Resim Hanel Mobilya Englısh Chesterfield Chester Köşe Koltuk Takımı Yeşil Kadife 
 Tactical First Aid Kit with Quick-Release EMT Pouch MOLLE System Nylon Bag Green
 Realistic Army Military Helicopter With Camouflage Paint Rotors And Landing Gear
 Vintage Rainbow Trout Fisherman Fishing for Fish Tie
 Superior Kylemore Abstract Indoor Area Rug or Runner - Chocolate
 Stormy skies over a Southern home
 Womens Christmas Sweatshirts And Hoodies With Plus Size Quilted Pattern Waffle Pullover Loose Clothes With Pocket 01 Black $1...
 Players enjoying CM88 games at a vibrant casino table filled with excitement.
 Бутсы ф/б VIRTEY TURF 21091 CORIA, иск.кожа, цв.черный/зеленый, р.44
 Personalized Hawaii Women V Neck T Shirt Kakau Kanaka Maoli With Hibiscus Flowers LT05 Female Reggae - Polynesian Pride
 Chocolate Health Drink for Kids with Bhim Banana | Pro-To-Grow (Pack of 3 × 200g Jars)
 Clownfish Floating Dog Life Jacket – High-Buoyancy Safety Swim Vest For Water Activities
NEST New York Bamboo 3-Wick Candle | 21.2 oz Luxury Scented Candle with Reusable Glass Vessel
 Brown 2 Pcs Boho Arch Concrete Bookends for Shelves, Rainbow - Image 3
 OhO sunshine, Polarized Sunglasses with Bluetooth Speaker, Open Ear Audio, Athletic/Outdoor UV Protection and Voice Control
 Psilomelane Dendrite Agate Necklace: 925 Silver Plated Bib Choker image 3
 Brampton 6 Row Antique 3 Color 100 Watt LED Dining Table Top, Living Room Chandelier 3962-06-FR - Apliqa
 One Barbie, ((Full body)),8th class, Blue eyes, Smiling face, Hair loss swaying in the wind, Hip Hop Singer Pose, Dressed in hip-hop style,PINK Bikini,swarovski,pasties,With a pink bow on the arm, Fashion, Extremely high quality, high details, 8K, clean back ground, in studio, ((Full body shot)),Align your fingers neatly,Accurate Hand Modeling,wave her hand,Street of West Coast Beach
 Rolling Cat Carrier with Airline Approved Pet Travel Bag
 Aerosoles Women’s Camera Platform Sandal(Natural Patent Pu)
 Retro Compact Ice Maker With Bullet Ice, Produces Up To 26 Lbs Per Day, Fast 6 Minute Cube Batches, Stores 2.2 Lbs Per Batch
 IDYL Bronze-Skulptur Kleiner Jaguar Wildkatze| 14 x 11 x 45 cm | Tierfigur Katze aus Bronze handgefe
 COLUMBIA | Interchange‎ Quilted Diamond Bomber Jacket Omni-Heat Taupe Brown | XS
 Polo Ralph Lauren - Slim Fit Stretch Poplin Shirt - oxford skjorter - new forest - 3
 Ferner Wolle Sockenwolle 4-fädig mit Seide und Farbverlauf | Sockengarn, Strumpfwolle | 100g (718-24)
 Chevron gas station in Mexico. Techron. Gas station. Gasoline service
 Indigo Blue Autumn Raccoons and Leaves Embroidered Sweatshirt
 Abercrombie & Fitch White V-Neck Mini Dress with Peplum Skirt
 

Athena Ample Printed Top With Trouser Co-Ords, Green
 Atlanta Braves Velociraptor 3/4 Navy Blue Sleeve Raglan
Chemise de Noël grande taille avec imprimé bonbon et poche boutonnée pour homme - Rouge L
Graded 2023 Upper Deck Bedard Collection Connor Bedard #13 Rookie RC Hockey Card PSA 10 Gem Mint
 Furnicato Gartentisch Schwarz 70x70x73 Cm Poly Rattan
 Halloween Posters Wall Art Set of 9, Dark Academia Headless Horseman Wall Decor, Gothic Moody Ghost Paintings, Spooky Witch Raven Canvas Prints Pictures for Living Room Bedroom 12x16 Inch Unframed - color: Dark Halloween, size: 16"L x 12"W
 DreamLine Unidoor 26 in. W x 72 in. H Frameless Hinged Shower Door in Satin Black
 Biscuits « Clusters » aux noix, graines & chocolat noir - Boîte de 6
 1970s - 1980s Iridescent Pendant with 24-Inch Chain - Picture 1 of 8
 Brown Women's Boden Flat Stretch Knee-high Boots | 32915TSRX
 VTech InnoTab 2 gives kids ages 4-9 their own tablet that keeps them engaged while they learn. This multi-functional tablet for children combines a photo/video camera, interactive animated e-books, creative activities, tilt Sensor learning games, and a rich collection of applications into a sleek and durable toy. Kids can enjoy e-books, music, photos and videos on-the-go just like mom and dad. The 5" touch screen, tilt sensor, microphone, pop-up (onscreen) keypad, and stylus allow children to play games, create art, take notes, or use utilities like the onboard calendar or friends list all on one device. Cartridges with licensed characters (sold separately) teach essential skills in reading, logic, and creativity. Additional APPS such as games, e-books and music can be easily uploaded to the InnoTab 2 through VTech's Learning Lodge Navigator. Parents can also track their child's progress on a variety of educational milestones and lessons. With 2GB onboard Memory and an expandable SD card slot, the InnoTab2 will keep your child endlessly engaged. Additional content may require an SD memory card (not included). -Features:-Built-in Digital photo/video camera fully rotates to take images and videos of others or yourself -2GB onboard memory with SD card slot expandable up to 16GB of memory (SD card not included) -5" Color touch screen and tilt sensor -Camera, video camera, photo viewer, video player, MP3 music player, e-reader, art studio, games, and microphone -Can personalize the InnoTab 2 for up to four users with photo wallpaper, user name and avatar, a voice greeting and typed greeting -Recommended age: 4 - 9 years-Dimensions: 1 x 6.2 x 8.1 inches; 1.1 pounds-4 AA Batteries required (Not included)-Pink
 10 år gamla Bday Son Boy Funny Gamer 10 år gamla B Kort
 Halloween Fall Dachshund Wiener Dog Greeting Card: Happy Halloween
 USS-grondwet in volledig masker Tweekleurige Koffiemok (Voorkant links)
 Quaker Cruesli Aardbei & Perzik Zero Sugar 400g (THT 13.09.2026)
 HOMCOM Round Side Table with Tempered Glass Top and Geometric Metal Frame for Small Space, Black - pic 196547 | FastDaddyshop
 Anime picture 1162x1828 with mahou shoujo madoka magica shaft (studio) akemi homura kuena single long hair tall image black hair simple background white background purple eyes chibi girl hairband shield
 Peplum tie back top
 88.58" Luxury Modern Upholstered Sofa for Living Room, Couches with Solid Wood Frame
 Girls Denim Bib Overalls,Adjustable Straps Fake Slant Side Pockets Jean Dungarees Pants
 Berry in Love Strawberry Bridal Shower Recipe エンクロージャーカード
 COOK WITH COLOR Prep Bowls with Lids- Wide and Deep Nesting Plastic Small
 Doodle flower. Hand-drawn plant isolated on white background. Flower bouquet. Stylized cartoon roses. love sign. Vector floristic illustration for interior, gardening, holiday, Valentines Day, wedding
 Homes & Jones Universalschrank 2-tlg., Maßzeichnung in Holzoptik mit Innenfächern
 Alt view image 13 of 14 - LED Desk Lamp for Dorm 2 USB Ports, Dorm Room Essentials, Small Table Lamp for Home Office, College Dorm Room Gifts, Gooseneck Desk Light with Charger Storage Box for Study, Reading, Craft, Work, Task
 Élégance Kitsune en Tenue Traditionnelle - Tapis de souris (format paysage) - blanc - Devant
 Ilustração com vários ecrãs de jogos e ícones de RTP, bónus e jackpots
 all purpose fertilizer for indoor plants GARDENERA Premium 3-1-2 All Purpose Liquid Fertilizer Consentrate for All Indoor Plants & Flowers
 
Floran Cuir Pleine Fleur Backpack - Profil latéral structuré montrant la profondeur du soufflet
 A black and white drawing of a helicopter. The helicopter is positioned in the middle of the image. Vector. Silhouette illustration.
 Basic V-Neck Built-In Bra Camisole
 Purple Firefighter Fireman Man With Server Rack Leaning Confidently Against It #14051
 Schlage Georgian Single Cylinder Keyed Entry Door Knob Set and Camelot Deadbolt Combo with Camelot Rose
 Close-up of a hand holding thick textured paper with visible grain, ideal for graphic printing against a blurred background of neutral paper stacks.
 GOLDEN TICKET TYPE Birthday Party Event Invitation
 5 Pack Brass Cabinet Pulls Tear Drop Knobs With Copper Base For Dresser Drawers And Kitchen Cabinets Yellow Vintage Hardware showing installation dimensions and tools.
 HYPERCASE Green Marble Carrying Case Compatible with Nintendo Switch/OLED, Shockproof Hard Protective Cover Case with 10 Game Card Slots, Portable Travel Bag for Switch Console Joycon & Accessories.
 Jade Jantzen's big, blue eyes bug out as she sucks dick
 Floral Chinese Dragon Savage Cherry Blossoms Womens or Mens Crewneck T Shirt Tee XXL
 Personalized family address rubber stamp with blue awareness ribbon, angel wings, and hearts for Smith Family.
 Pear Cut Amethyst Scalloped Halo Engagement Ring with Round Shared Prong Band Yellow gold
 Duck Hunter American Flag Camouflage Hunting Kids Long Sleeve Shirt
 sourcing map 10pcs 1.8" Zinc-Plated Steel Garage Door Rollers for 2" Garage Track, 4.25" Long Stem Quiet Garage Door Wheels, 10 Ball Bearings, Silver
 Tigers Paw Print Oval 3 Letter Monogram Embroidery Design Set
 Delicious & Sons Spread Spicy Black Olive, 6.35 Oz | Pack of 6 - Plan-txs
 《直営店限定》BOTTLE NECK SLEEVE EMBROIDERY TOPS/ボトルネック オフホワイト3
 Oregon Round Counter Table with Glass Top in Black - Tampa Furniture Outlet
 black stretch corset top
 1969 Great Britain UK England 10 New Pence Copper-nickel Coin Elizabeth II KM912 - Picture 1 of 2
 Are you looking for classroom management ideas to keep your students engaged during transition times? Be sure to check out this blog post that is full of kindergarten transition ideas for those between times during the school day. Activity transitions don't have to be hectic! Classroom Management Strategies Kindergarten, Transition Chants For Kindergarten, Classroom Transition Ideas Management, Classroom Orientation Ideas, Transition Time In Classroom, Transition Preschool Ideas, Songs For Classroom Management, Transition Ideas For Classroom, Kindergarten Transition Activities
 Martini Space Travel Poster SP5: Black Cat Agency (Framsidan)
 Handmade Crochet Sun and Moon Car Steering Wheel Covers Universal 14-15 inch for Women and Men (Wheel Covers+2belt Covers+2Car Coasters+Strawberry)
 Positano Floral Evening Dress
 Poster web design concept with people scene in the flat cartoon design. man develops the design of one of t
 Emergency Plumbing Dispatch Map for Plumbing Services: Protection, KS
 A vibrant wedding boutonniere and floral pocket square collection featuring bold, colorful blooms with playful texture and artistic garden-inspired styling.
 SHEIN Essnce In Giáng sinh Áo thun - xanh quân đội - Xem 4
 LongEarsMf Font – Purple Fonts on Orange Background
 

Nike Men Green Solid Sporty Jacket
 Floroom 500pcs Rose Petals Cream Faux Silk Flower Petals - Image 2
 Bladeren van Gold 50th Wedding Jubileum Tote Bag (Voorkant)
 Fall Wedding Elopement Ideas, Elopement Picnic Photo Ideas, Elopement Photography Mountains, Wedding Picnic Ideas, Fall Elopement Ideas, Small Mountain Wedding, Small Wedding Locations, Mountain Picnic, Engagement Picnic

============================================================

Filter the lines above, keeping each one that contains the string "Camouflage".

Exercise output =
 Realistic Army Military Helicopter With Camouflage Paint Rotors And Landing Gear
 Duck Hunter American Flag Camouflage Hunting Kids Long Sleeve Shirt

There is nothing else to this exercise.